(Beginning of Supplied records)

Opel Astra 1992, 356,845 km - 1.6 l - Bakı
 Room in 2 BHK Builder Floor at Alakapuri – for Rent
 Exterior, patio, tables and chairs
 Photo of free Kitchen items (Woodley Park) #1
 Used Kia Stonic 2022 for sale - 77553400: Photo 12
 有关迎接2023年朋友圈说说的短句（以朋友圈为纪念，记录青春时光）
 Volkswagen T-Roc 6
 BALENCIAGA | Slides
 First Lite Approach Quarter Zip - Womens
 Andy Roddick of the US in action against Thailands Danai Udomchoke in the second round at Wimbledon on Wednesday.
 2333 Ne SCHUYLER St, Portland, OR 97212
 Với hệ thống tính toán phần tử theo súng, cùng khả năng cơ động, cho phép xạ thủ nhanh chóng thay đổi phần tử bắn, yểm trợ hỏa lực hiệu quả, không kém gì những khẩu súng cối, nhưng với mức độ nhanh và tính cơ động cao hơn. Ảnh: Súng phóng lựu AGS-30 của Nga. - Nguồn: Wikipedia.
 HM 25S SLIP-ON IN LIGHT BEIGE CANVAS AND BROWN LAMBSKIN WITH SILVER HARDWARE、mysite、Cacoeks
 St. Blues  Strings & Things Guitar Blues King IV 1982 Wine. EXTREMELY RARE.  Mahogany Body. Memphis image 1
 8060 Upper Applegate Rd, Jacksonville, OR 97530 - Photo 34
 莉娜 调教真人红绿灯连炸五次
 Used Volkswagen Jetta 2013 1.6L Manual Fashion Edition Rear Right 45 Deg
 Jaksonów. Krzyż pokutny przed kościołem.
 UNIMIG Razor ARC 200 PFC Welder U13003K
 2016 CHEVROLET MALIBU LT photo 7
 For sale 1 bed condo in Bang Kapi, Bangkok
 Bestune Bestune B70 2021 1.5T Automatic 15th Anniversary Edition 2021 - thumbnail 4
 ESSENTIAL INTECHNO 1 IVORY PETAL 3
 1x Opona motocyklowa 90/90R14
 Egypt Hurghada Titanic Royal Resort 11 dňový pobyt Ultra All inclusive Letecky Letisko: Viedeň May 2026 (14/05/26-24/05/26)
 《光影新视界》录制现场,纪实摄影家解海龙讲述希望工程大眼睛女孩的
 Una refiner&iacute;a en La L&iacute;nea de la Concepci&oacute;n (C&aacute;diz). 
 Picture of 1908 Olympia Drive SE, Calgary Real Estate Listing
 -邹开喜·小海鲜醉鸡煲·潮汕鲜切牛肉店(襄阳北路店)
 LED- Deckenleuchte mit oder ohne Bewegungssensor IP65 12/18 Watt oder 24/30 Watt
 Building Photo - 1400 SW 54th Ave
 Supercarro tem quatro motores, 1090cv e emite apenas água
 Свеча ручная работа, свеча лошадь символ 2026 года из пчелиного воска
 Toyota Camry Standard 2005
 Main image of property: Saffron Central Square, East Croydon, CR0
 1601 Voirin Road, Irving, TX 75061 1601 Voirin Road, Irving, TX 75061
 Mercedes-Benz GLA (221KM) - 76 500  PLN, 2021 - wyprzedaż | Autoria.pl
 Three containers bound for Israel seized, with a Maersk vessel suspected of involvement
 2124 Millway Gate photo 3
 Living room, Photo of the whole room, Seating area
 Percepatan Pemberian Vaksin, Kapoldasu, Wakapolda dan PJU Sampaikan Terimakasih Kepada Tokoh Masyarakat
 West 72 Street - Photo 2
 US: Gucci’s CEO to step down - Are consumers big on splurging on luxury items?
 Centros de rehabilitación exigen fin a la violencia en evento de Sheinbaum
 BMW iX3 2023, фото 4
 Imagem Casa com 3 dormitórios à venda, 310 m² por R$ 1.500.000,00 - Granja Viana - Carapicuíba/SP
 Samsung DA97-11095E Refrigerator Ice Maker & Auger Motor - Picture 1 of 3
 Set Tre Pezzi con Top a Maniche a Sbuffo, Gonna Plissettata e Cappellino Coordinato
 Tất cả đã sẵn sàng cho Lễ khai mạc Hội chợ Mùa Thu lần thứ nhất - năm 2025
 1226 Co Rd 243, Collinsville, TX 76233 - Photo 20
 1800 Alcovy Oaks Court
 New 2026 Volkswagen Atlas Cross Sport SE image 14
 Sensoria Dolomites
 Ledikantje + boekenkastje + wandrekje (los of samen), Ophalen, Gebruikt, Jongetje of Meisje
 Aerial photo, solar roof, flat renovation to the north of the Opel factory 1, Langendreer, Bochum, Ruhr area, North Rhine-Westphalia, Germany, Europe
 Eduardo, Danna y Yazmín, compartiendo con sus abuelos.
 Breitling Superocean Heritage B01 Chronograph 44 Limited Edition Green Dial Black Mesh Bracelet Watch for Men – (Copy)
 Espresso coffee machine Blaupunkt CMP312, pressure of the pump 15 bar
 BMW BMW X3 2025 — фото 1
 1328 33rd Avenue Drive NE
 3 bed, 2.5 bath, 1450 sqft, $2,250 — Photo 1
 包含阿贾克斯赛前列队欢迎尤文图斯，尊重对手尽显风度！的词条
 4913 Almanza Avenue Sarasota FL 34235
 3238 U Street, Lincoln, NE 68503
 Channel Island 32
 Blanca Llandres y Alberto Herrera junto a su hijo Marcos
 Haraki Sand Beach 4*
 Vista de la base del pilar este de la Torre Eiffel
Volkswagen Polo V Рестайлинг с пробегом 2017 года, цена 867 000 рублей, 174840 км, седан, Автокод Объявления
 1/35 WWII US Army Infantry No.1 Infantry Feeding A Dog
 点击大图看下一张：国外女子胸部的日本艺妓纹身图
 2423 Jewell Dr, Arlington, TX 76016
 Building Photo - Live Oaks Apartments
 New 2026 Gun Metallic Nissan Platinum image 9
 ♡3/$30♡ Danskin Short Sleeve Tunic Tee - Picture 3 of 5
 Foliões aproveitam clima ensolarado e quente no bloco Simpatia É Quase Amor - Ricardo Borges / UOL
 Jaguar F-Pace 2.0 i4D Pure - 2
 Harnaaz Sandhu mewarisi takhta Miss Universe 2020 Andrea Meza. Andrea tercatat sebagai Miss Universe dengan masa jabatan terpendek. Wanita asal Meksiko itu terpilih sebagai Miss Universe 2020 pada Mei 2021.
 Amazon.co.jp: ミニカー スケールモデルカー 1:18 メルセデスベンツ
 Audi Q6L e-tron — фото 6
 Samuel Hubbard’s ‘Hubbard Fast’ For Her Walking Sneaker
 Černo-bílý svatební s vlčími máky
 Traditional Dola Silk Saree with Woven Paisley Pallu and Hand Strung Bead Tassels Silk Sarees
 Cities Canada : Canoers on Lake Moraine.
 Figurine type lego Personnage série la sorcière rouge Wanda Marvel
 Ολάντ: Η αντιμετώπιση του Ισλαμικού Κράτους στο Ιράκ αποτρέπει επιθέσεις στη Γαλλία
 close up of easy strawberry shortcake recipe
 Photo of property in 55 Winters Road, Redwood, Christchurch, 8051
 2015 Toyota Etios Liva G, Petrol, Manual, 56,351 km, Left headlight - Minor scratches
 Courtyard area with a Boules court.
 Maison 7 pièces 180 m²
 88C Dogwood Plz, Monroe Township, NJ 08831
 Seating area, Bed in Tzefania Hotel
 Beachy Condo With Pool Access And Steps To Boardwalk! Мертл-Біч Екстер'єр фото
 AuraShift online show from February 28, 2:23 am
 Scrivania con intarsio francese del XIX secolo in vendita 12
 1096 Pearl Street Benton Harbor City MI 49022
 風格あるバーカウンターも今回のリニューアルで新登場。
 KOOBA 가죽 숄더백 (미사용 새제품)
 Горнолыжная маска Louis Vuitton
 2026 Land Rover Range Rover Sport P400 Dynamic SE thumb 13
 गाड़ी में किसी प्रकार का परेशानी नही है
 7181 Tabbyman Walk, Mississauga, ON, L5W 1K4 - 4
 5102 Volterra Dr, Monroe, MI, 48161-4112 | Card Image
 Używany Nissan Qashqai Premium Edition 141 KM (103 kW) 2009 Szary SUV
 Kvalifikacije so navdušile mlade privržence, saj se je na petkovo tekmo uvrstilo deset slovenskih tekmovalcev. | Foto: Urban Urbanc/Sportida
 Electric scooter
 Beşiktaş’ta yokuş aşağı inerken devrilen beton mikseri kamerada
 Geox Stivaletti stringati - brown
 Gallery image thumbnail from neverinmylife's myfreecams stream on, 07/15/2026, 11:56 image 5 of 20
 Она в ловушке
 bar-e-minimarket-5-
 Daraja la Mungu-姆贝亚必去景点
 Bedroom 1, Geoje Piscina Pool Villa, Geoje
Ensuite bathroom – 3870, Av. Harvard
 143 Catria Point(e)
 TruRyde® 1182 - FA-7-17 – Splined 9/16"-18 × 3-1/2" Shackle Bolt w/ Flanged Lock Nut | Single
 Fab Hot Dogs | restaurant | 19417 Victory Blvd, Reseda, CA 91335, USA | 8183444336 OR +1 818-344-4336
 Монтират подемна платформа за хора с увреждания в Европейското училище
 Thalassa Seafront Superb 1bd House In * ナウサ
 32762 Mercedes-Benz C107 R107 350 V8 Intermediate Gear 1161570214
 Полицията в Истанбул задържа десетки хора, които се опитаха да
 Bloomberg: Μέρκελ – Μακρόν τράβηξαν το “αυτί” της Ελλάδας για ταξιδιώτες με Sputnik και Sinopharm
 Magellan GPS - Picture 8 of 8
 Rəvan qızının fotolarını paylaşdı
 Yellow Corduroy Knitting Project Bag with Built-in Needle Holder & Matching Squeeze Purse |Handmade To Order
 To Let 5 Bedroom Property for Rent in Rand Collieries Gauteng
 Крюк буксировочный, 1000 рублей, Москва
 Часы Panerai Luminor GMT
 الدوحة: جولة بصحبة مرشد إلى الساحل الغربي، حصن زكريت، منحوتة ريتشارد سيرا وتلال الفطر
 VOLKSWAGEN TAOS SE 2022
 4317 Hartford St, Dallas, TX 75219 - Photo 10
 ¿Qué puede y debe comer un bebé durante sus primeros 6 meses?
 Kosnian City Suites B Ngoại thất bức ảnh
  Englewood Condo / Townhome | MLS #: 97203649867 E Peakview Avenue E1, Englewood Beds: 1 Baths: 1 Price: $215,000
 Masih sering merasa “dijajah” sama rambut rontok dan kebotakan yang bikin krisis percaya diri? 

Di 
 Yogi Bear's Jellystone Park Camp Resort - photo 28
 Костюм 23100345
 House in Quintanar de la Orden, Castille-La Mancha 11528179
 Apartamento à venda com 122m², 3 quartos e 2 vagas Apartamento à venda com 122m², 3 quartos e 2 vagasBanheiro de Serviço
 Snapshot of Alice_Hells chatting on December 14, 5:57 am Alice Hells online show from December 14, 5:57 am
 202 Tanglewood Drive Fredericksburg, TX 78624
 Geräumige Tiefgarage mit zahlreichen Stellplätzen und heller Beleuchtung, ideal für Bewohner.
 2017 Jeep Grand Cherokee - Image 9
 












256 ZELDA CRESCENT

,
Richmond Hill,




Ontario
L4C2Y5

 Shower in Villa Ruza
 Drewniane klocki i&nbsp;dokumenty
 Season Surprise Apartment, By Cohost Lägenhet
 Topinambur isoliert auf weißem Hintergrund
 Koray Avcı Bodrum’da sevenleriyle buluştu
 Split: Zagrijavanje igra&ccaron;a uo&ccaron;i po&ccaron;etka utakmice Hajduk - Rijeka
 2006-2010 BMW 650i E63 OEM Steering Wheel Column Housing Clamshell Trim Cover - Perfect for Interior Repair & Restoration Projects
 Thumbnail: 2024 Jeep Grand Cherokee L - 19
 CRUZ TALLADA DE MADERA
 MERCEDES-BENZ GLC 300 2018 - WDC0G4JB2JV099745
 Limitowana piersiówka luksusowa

(End of Supplied records)

* _What is required_:
Note each line above that contains "Edition" and copy it out.

* _Response box_:
 Used Volkswagen Jetta 2013 1.6L Manual Fashion Edition Rear Right 45 Deg
 Bestune Bestune B70 2021 1.5T Automatic 15th Anniversary Edition 2021 - thumbnail 4
 Breitling Superocean Heritage B01 Chronograph 44 Limited Edition Green Dial Black Mesh Bracelet Watch for Men – (Copy)
 Używany Nissan Qashqai Premium Edition 141 KM (103 kW) 2009 Szary SUV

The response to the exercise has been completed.